= Swedish overseas trade during World War II =

From the German capture of Denmark and Norway, the Swedish overseas trade during World War II was mainly blocked by the battle of the Atlantic, but Swedish diplomats convinced Germany and the United Kingdom to let through a few vessels, mainly to the United States until their entrance into the war, and neutral countries in Latin America. These transports, called lejdtrafiken, "the safe conduct traffic", were monitored by both powers, and ten of them were sunk during the war. Sweden mainly imported petroleum products and agricultural produce, and exported wood products. Overall, petrol imports to Sweden greatly decreased, and substitute fuels were found.

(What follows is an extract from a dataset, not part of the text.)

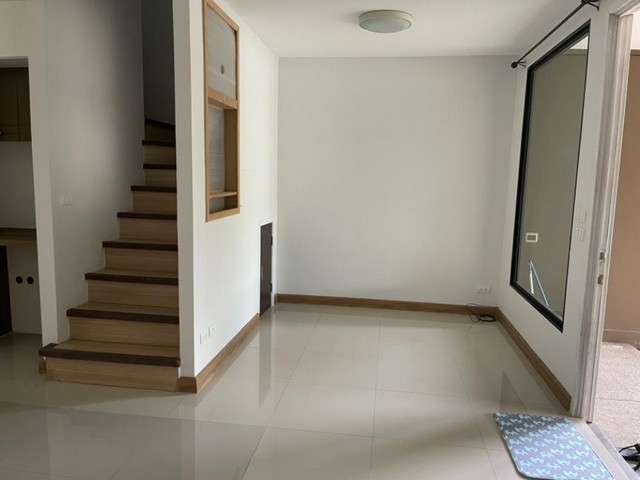รหัสC5704 ให้เช่าทาวน์เฮ้าส์ 2ชั้น หมู่บ้านเออร์บาโน  Urbano ถนนรามคำแหง ซอยรามคำแหง94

Sweden traded considerable goods with Germany during the war, particularly iron, iron products, ball bearings, and trucks. Though Sweden purchased American manufactured military aircraft early in the war, sales became prohibited by the US government in 1940. As a result Sweden bought 200 planes from Italy instead. As the war progressed, strategic products such as rubber and metals were prohibited.

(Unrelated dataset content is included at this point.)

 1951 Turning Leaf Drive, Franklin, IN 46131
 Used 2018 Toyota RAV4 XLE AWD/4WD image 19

Import from Sweden to the United Kingdom was organised in several blockade-running operations such as Operation Rubble (January 1941), Operation Performance (March 1942) and Operation Bridford (October 1943 to March 1944). Historian Christian Leitz says that Sweden violated their neutrality by offering the United Kingdom ball bearings at a discount. In 1938 SKF only charged the UK 74% of what they charged Germany and in 1943 only 68%, whereas historian Eric Bernard Golson says that neutral powers such as Sweden maintained their neutrality and independence by offering economic concessions to the wartime powers to make up for their relative military weakness.